Collected data »
○ ○ ○
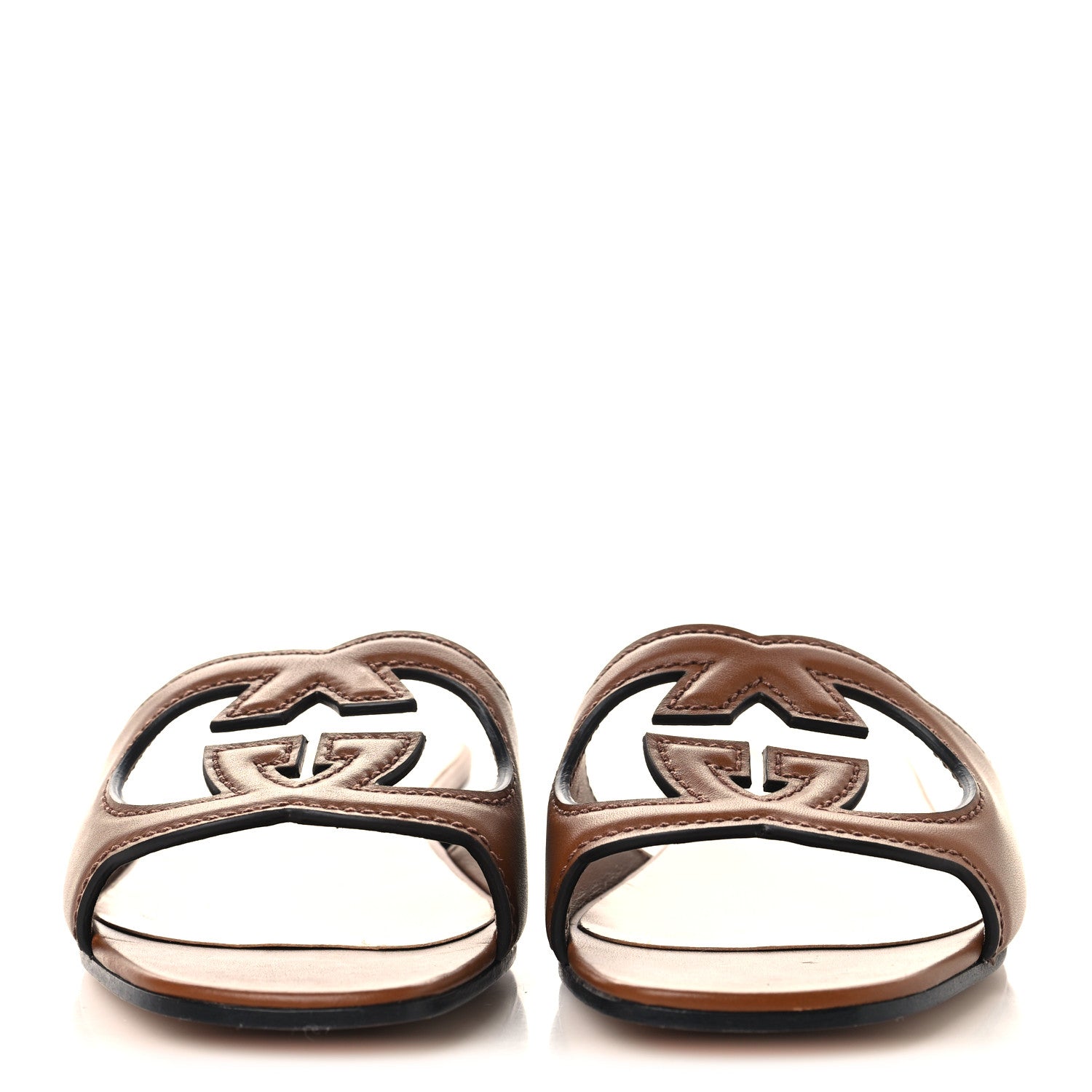 Gucci Cosmos Softy Calfskin Interlocking G Cut Out Slide Sandals 38 Cuir 3 of 8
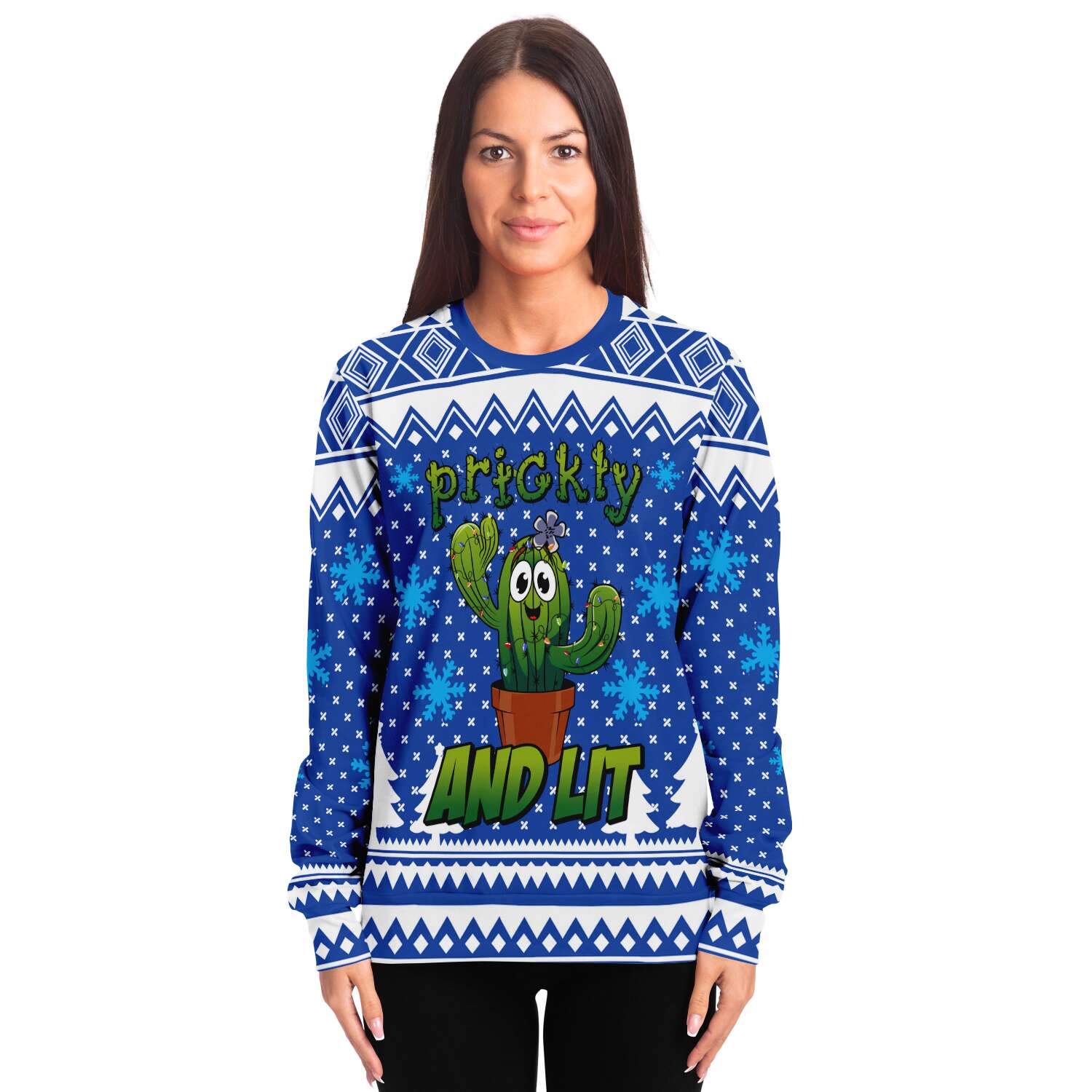 Prickly & Lit Sweatshirt | Unisex Ugly Christmas Sweater, Xmas Sweater, Holiday Sweater, Festive Sweater, Funny Sweater, Funny Party Shirt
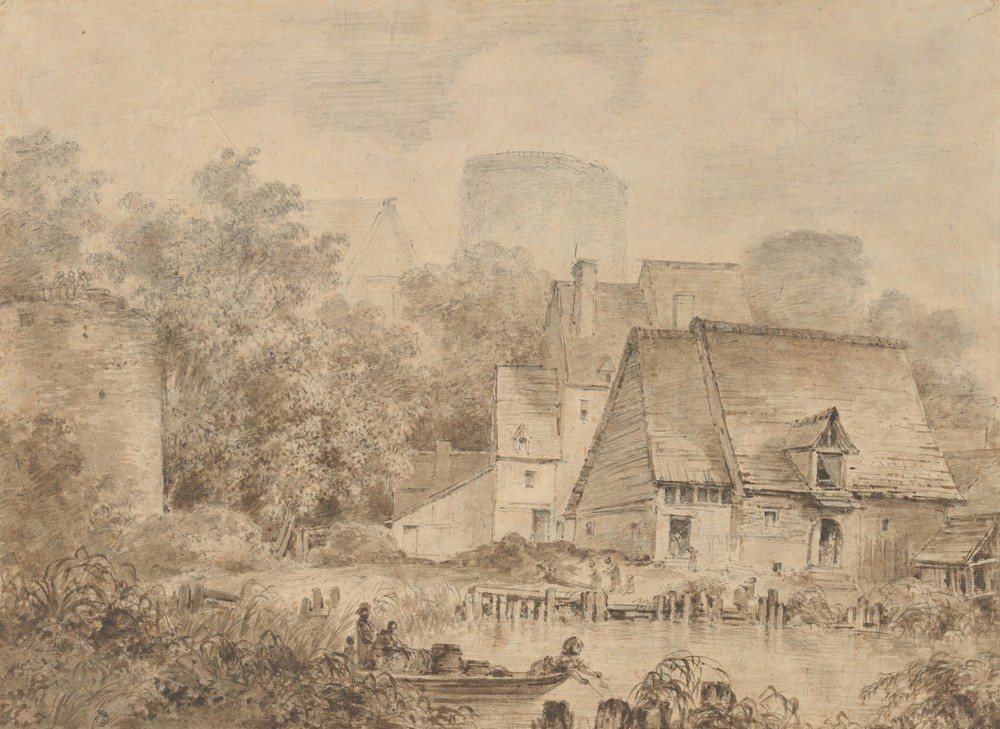 Farm Buildings beside a Waterway (ca. 1765–70)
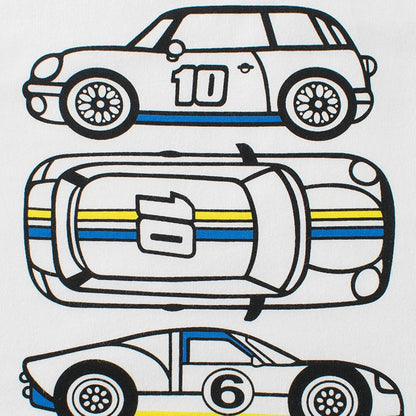 Cute Children Clothes Set for Toddler Boys' Short Sleeve Tees Cotton Casual Racing Car Graphic (Blue, 9-10 Years)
○ ○ ○
About this task »
The stretch above running from the line with "Prickly & Lit" through the line with "Farm Buildings beside" is all you should copy, exactly, leaving out the pictures.

The answer »
 Prickly & Lit Sweatshirt | Unisex Ugly Christmas Sweater, Xmas Sweater, Holiday Sweater, Festive Sweater, Funny Sweater, Funny Party Shirt
 Farm Buildings beside a Waterway (ca. 1765–70)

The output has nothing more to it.